Ela acrescenta que colocar em xeque a validade dos direitos historicamente conquistados pelo povo pode levar a retrocessos graves que necessariamente vão atingir a todos. “Num primeiro momento, quando acontecem essas rupturas democráticas, naturalmente os primeiros grupos sociais atingidos vão ser os mais vulneráveis, mais discriminados. Entre eles, a população pobre, negra, LGBT, os excluídos em geral. Acontece que invariavelmente a perda de direitos atinge todas as pessoas, até mesmo quem sustenta um discurso de que não seria válido defender direitos humanos”, diz.

Tanto o mau entendimento acerca dos direitos humanos quanto a própria questão da segurança pública no Brasil perpassam mudanças estruturais, como defendem os especialistas ouvidos pela reportagem. “Todo mundo concorda que a violência é um problema que precisa ser enfrentado. A divergência que talvez exista é com relação à estratégia de enfrentamento. Será que a melhor forma é investir na violência institucional, numa postura que vai levar ao encarceramento, à lotação das penitenciárias, ou a melhor forma é atacar a causa da desigualdade social, no sentido de investir nas políticas de emprego, renda, educação e inclusão social?”, questiona Fabiana.

O caminho, para o cientista político e pesquisador dos direitos humanos Moisés Augusto Gonçalves, perpassa três etapas. “A primeira é buscar compreensão de que quando falamos de direitos humanos estamos falando do coração da democracia e da dignidade humana, que essa questão não seja distorcida.

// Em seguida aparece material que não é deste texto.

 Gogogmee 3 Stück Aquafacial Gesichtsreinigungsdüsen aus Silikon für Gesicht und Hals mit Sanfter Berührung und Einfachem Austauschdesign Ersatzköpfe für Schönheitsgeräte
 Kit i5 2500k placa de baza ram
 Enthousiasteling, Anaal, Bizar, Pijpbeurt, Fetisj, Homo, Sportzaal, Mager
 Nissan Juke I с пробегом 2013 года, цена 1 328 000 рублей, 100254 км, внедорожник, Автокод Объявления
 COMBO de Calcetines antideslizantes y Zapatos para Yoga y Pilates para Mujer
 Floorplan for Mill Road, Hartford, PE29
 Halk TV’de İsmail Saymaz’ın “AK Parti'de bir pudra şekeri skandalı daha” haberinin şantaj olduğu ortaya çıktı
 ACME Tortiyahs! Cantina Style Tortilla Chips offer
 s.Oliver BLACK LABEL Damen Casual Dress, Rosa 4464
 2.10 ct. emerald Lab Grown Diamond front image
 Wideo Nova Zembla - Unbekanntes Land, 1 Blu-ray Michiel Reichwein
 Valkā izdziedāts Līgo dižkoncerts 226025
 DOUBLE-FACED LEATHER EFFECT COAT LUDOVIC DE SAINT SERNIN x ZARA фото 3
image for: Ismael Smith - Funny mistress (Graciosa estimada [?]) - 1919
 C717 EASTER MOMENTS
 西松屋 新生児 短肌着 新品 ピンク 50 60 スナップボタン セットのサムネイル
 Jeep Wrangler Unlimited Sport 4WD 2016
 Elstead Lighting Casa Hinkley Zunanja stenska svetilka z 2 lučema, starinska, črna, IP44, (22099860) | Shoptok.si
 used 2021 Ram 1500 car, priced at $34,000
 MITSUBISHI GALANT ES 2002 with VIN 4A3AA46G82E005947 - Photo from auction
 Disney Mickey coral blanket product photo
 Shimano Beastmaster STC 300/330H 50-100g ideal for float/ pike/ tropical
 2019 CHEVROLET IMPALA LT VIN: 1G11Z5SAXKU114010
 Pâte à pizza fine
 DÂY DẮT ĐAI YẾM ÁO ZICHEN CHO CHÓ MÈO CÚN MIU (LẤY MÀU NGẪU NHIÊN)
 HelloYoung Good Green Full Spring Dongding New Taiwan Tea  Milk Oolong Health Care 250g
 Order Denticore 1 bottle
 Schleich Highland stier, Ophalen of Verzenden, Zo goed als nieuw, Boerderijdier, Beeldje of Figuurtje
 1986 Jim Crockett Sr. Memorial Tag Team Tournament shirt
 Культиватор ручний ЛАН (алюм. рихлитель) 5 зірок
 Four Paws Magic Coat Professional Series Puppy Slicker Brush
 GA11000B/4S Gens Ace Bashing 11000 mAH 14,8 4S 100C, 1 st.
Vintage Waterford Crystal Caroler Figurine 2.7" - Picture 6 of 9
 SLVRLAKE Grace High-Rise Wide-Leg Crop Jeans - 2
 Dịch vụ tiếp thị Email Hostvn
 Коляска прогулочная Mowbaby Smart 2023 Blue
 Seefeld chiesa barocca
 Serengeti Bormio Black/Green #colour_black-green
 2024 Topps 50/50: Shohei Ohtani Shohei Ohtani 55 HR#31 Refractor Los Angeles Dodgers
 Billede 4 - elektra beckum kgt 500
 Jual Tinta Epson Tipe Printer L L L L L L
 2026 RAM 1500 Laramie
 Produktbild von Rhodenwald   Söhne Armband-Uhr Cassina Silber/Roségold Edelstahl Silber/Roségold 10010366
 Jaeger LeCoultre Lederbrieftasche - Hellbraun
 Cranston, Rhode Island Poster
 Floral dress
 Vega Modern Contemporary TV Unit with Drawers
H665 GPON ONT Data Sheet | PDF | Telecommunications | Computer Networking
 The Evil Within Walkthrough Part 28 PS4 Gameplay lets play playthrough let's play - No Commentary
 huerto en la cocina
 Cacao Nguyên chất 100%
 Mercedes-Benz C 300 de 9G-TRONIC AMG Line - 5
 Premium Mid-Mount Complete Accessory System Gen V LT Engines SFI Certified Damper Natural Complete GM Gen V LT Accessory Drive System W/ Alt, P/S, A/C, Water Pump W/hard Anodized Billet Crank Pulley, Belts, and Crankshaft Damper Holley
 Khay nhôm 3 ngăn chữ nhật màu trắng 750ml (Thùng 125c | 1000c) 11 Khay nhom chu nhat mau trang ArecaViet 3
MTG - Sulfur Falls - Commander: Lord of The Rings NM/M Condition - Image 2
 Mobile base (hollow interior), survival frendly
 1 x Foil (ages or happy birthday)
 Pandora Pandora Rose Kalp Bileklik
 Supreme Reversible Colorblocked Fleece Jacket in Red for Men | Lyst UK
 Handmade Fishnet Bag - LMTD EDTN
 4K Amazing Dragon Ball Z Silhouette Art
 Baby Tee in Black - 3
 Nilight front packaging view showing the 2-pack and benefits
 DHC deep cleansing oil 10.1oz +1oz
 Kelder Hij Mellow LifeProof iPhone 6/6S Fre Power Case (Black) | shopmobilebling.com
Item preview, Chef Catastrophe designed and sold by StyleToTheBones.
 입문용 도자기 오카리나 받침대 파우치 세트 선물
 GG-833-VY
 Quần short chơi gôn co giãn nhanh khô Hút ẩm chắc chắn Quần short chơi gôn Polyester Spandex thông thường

A segunda questão é entender que segurança e direitos humanos não são antagônicos, não há a primeira sem os últimos. E, terceiro, é preciso entender que o fenômeno da criminalidade e da violência tem causas mais profundas e que elas precisam ser atacadas”, pondera.

Curto, médio e longo prazo

Ele não ignora que medidas imediatas precisam ser tomadas, mas destaca a importância de ações que ataquem as causas do problema. “O resultado para esse tipo de ação é de médio e longo prazo e elas não dão votos”, diz.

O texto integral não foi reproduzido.